• **What is expected**
Leaving out every picture, transcribe the lines from the line that contains "Köyün minikleri annesiz" to the end of the entries below, both ends included.

◆ ◆ ◆ ◆ ◆

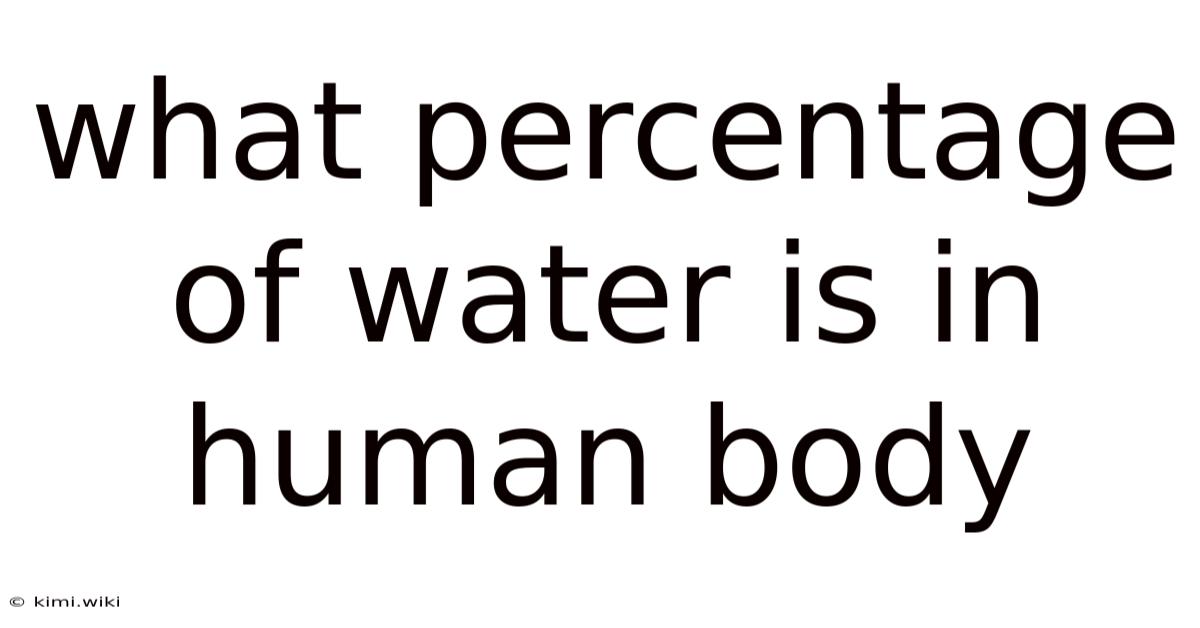 What Percentage Of Water Is In Human Body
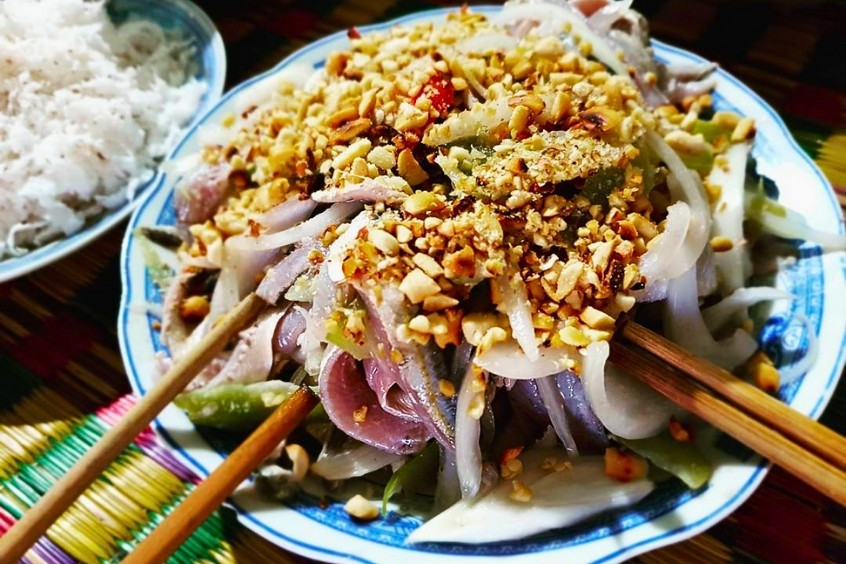 Gỏi cá nghéo tươi ngon đặc sản Quảng Bình, được chế biến từ cá tươi sống kèm rau thơm và nước chấm đậm đà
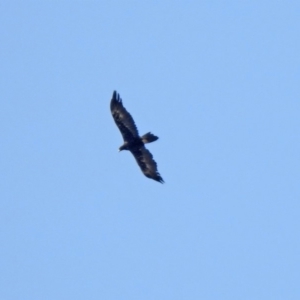 Aquila audax at Hume, ACT - 26 Jan 2020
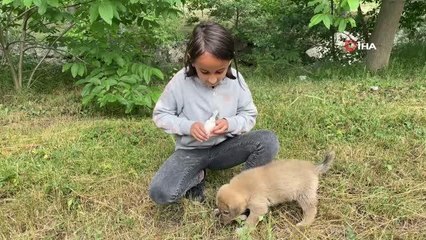 Köyün minikleri annesiz kalan yavru köpeği biberonla besliyor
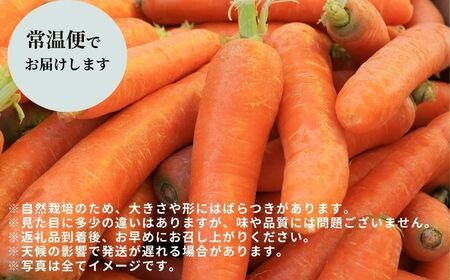 人参 10kg 人参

◆ ◆ ◆ ◆ ◆

• **Answer to this task**
 Köyün minikleri annesiz kalan yavru köpeği biberonla besliyor
 人参 10kg 人参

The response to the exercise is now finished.